The Group of 20 nations pledged to put growth before austerity, seeking to revive a global economy that “remains too weak” and adjusting stimulus policies with care so that recovery is not derailed by volatile financial markets.

Finance ministers and central bankers signed off on a communiqué that acknowledged the benefits of expansive policies in the United States and Japan but highlighted the recession in the euro zone and a slowdown in emerging markets.

“While our policy actions have contributed to contain downside risks, those still remain elevated,” the statement said. “There has been an increase in financial market volatility and a tightening of conditions.

Indications that the US Federal Reserve would scale back its monetary stimulus dominated the two-day talks in Moscow, with emerging markets most concerned by a resulting sell-off in stocks and bonds, and a flight to the dollar.

Hosts Russia said G20 policymakers had soft-pedalled on goals to cut government debt in favour of a focus on growth and how to exit central bank stimulus with a minimum of turmoil.

”(G20) colleagues have not made the decision to take responsibility to lower the deficits and debts by 2016,“ Finance Minister Anton Siluanov told reporters. ”Some people thought that first you need to ensure economic growth.

While the US recovery is gaining traction, China's export motor is sputtering, Japan's bid to break out of deflation has not reached escape velocity, and demand in the Euro zone is too weak to sustain a job-creating recovery.

Officials backed an action plan to boost jobs and growth, while rebalancing global demand and debt, which will be readied for a G20 leaders’ summit hosted by President Vladimir Putin in September.

“We remain mindful of the risks and unintended negative side effects of extended periods of monetary easing,” the statement said. “Future changes to monetary policy settings will continue to be carefully calibrated and clearly communicated.”

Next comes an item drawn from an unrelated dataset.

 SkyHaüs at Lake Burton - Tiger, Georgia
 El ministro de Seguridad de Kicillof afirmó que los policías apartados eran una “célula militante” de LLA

In return for its pledge to 'message' its monetary policy intentions clearly, Washington managed to ensure that the text contained no binding fiscal targets, saying that consolidation should be “calibrated” to economic conditions.

The G20 accounts for 90% of the world economy and two-thirds of its population - many living in the large emerging economies at greatest risk of a reversal of capital inflows that have been one of the side effects of the Fed stimulus.
 

Categories: Economy, Politics, International.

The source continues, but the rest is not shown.